Sondra Radvanovsky Comes Home
Making our way to Sondra Radvanovsky’s rural Caledon, Ontario home, on this particular October day, takes us down a blazing gold avenue to the side door of a spacious country house on ten hilly acres, about an hour and a half’s drive from Toronto’s Four Seasons Centre for the Performing Arts.
Nice thing about arriving at the side door is it takes one into the house through a light-filled informal side room, past an upright piano laden mostly with opera scores, and lumped in among them an oversize box of Crayola crayons. The wall behind the piano is covered with posters for various operas. The posters collectively supply a snapshot of contemporary opera’s greats – its greatest singers, conductors, directors and opera houses. Radvanovsky’s name is nestled in among them in each poster.

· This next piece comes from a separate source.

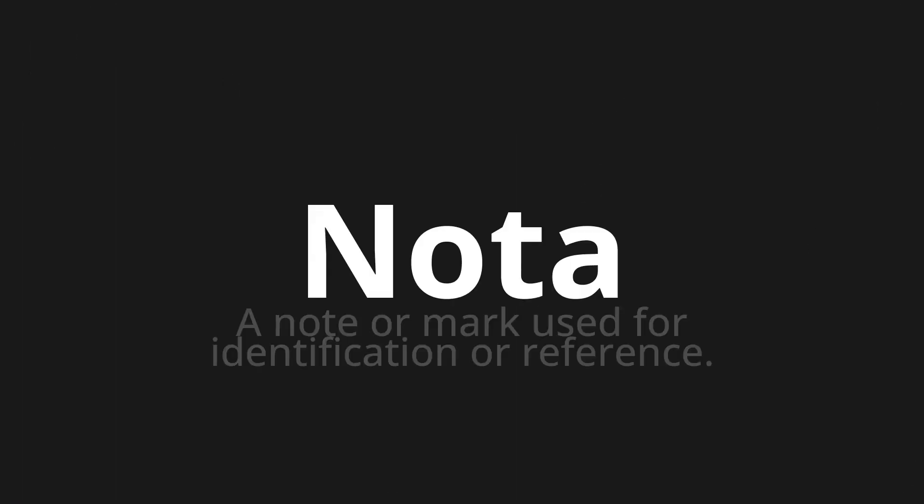Welcome to this pronunciation video. Today we will be focusing on a new word that you might find challenging or intriguing. So let's dive into today's word: nota, which means a note or mark used for identification or reference.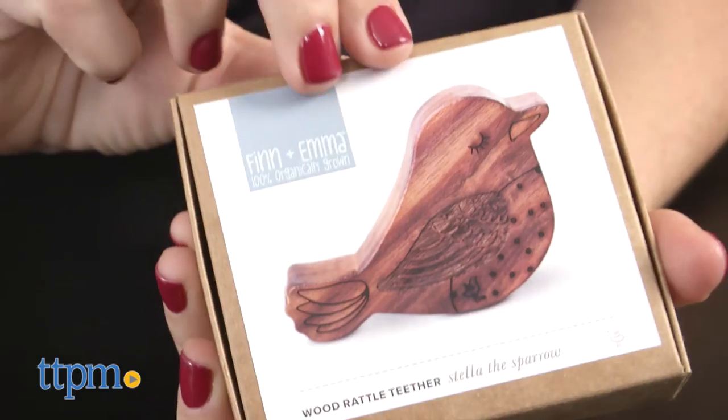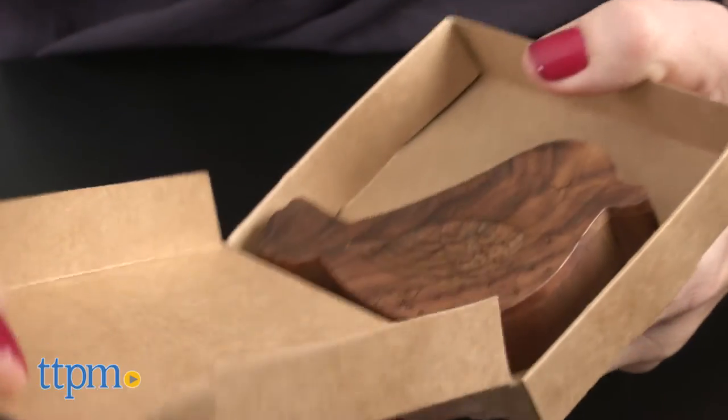Recommended for babies from birth and up, this wood rattle teether would make a great gift for a new baby. In addition to being safe, it's also very, very cute.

I’m already mumbling my (only partially sincere) apologies for the intrusion as I sidle in the door. True, I am disrupting one of a few precious days of “down home” time for Radvanovsky before she and husband/manager Duncan Lear must hit the road again. She has just completed five Donizetti Anna Bolenas at the Met, as well as a glittering New York appearance at the annual Park Avenue Armory Gala (alongside electropop duo The Young Professionals). From here it’s on to Berlin for Manon Lescaut and Tosca. And it’s only October.